Pełny tekst orzeczenia

Sygn. akt II Ca 984/13 i II Cz1036/13

POSTANOWIENIE

Dnia 27 listopada 2013 r.

Sąd Okręgowy w Kielcach Wydział II Cywilny Odwoławczy

w składzie następującym:

Przewodniczący: SSO Ewa Piątkowska-Bidas

Sędziowie: SSO Małgorzata Klesyk

SSO Cezary Klepacz

Protokolant: protokolant Agnieszka Baran

po rozpoznaniu na rozprawie w dniu 15 listopada 2013 r. sprawy

z wniosku

Z. S.

z udziałem

J. S.

o podział majątku wspólnego

na skutek apelacji wnioskodawczyni

od postanowienia Sądu Rejonowego w Jędrzejowie

z dnia 12 kwietnia 2013 r. sygn. akt I Ns 403/09

oraz zażalenia uczestnika od zawartego w tym postanowieniu rozstrzygnięcia o kosztach postępowania ( pkt II)

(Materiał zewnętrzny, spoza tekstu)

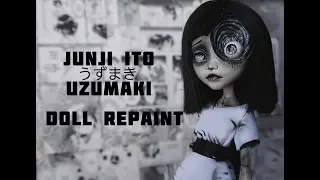 Uzumaki Spiral Girl | Junji Ito OOAK | Halloween Doll Repaint | etellan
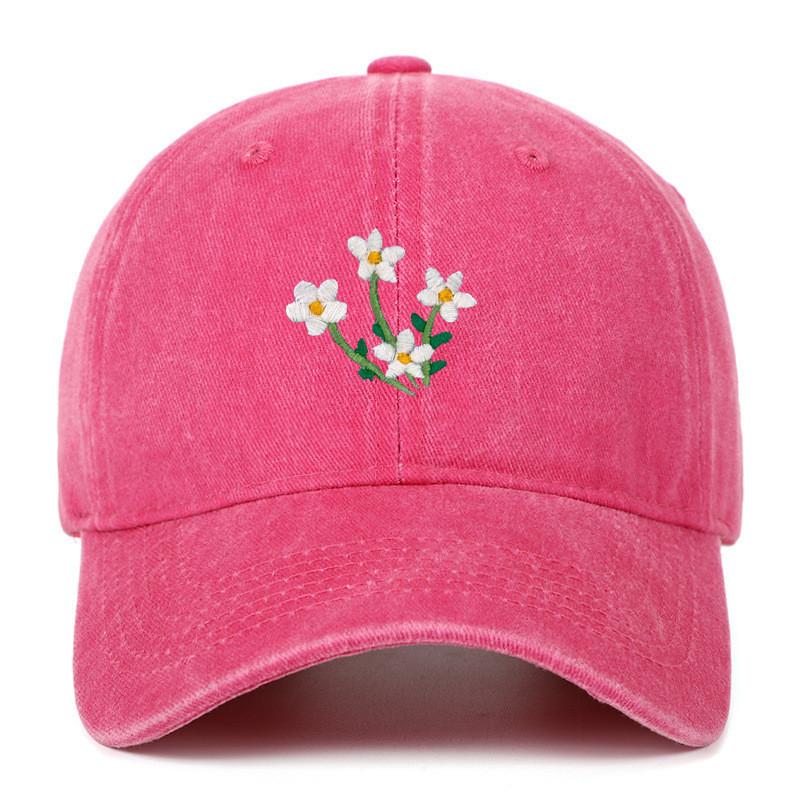 Floral Embroidered Baseball Cap With Curved Brim For Casual Style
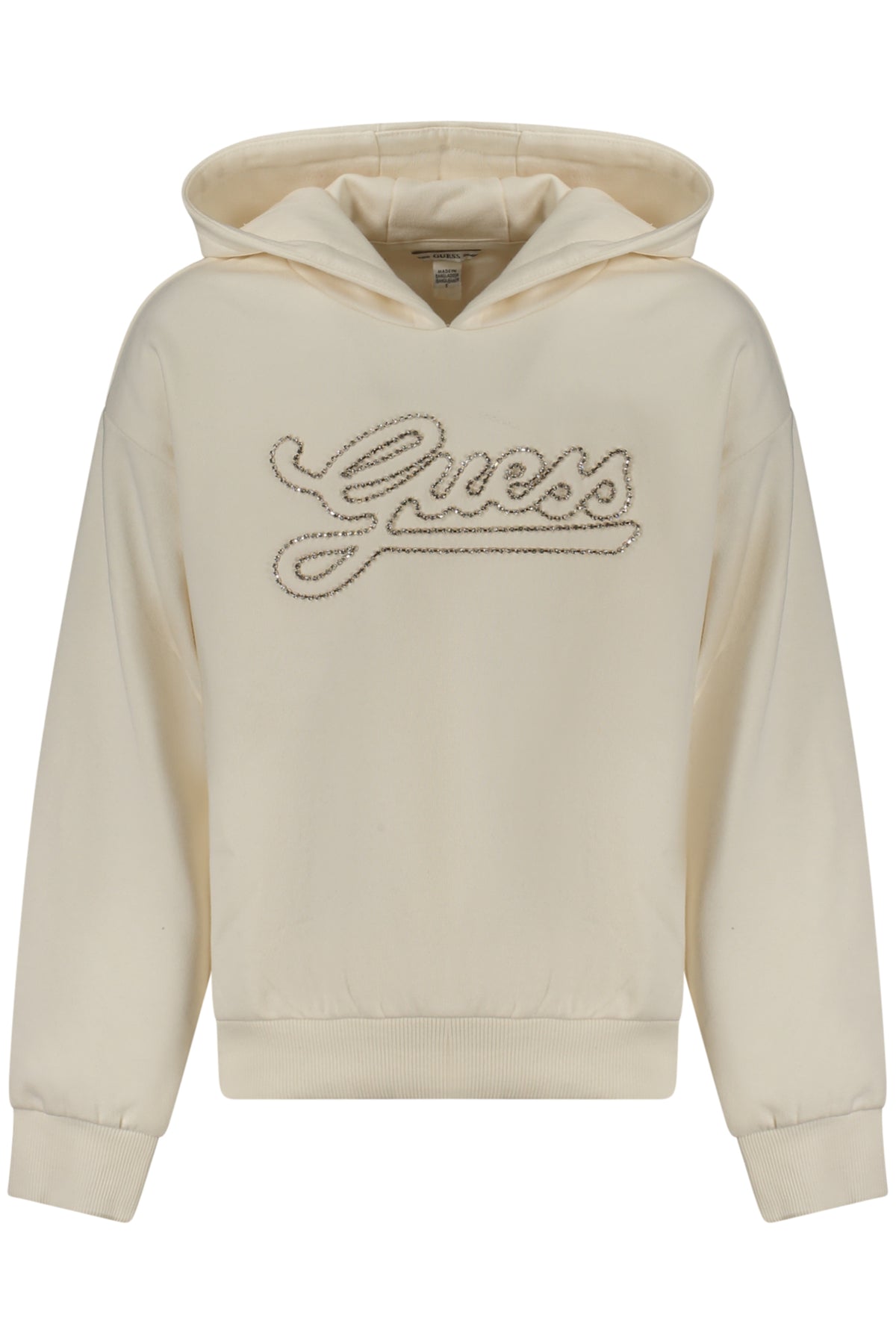 GUESS JEANS ZIP-UP SWEATSHIRT FOR GIRLS, WHITE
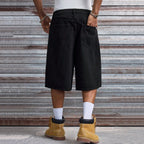 Men's Y2k Trendy Floral Rhinestone Loose Denim Shorts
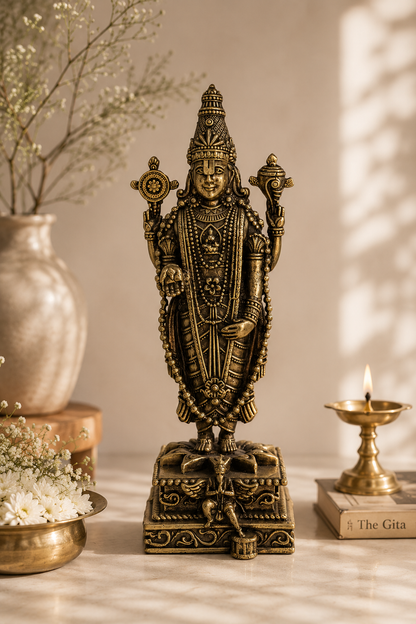 Antique Brass Venkateshwar Lord Balaji Idol – Handcrafted Standing Balaji Statue for Home Décor & Puja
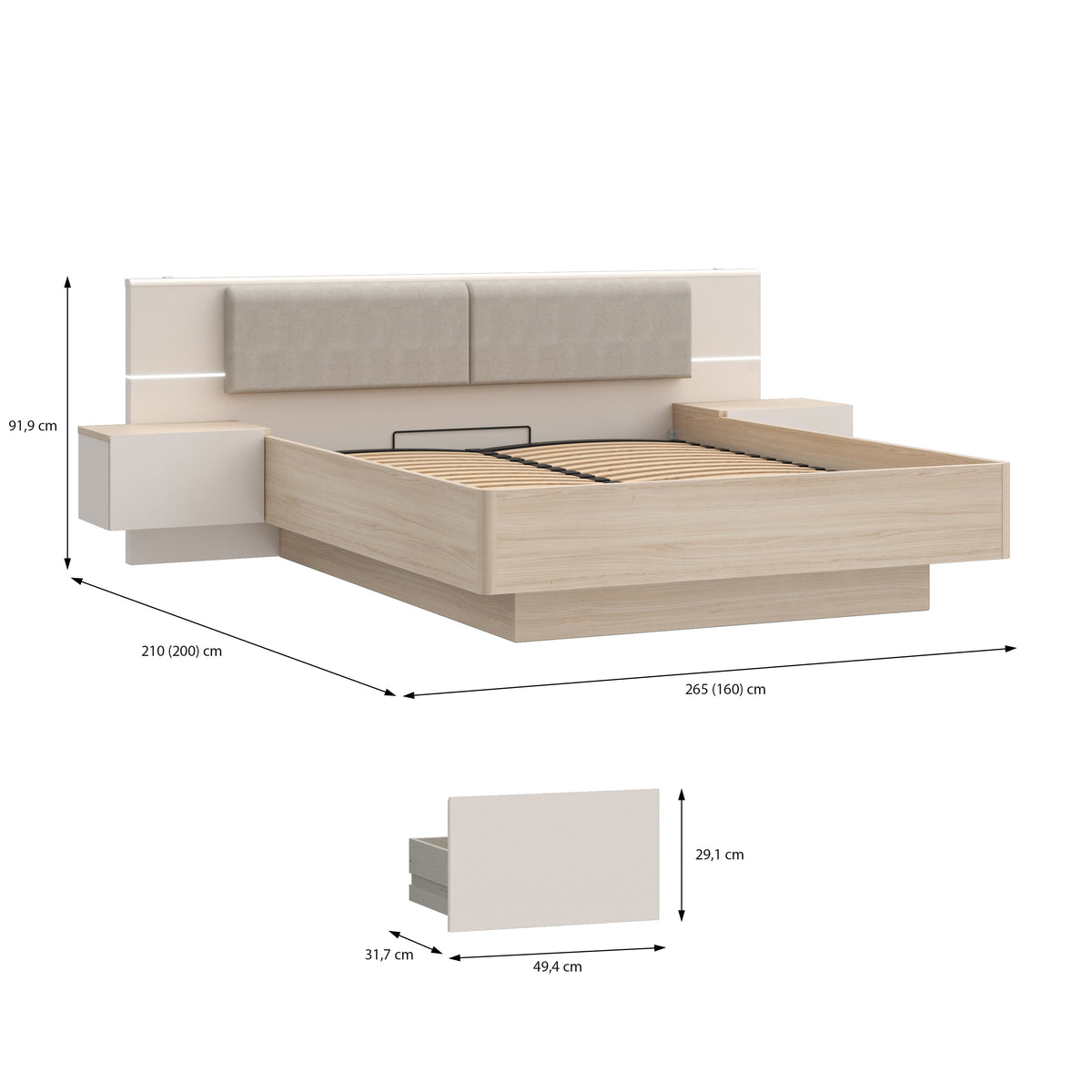 Pat Cu Noptiere Pineapple, Dimensiune Saltea 160 x 200 Cm, Somiera Rabatabila, Cu LED, Riva Oak Si Sand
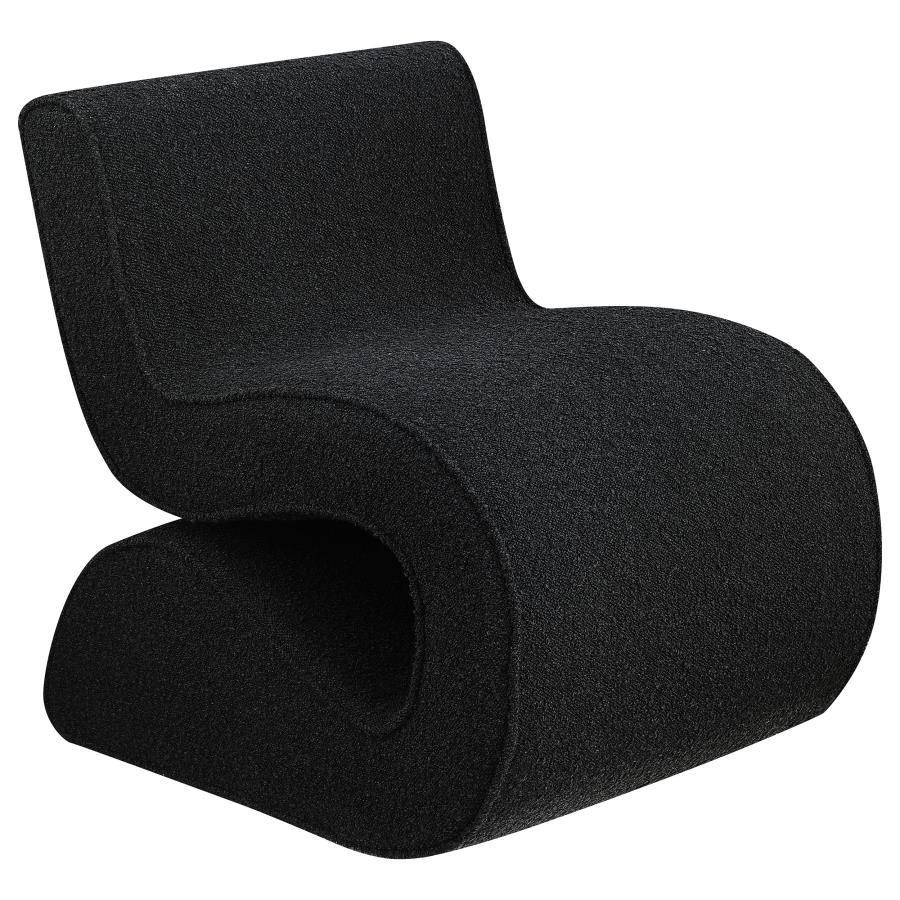 Ronea - Boucle Upholstered Armless Curved Chair Armless Chairs by Coaster Fine Furniture - Walls Furniture & Mattress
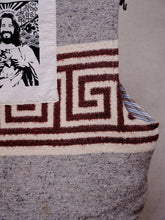 Načíst obrázek do prohlížeče Galerie, upcycling fashion, upcycling from prague, upcycling clothing, upcycling sweater, Jesus screen print patch, Jesus screen print, upcycling brand, upcycling with love, upcyklovaný svetr, upcyklace s laskou, sitotisk Jezis, svetr s potiskem, upcyklovaná móda, upcyklovana moda,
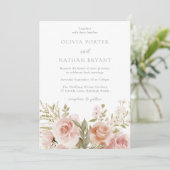 Blush Floral Rose Elegante Hochzeit Einladung (Stehend Vorderseite)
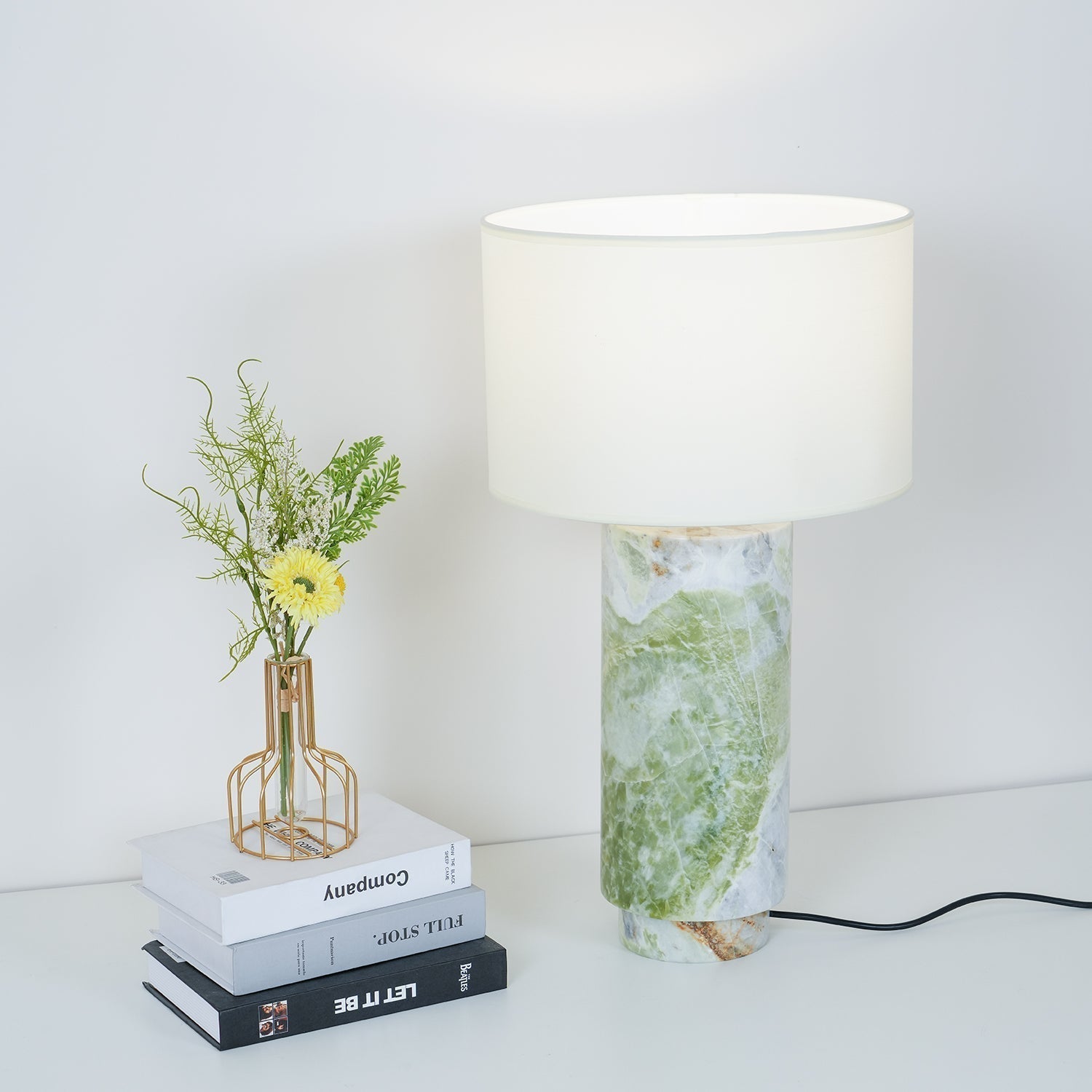 Gremora - Green Marble Table Lamp Inline Switch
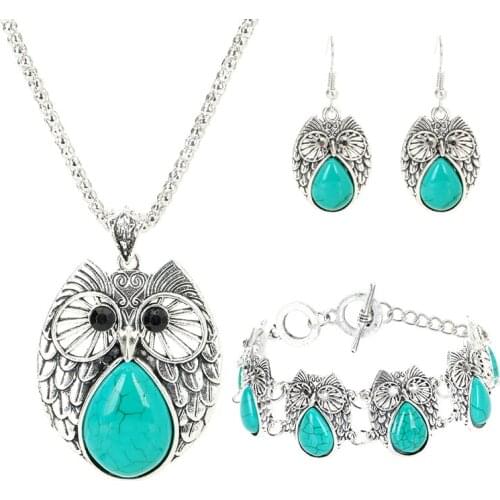 Retro Turquoise Owl Jewelry Sets 925 Silver Pendant Earring Bracelet Necklace Fashion Chain Handmade Amulet Gifts for Her Woman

postanawia: oddalić apelację i zażalenie, przyznać od Skarbu Państwa –Sądu Rejonowego w Jędrzejowie na rzecz adwokat A. M.kwotę 1476 ( jeden tysiąc czterysta siedemdziesiąt sześć ) złotych tytułem kosztów nieopłaconej pomocy prawnej udzielonej z urzędu w postępowaniu apelacyjnym.

Sygn. akt II Ca 984/11

UZASADNIENIE

Postanowieniem z dnia 12 kwietnia 2013 roku, w sprawie sygn. akt I Ns 403/09, Sąd Rejonowy w Jędrzejowie w pkt I zasądził od J. S. na rzecz Z. S. kwotę 44.592,50 zł płatną w terminie sześciu miesięcy od uprawomocnienia się niniejszego postanowienia z ustawowymi odsetkami w przypadku uchybienia terminowi płatności; w pkt II zasądził od J. S. na rzecz Z. S. kwotę 2.250 zł tytułem zwrotu kosztów postępowania w tym kwotę 1800 zł tytułem wynagrodzenia należnego pełnomocnikowi wnioskodawcy; w pkt III nakazał pobrać od wnioskodawcy i uczestnika na rzecz Skarbu Państwa – Sądu Rejonowego w Jędrzejowie kwoty po 998,79 zł tytułem nieuiszczonych kosztów sądowych; w pkt IV przyznał od Skarbu Państwa Sądu Rejonowego w Jędrzejowie na rzecz adw. A. M. kwotę 1800 zł tytułem wynagrodzenia za reprezentowanie Z. S. z urzędu.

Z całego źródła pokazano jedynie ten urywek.